## WORK REQUEST
Write out again, exactly, the lines below starting at the one with "An outdoor seating" and ending at the one with "Floral notebook and".
DATA SUPPLIED START
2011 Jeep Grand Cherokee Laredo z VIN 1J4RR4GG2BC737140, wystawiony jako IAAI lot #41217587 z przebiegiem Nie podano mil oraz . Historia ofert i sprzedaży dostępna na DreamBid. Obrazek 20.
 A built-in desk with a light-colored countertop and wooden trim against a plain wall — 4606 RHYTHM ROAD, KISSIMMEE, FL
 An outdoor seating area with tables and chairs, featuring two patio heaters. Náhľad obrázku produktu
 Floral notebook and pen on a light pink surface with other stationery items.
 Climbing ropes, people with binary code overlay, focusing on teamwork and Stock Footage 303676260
DATA SUPPLIED END
## TASK OUTPUT
 An outdoor seating area with tables and chairs, featuring two patio heaters. Náhľad obrázku produktu
 Floral notebook and pen on a light pink surface with other stationery items.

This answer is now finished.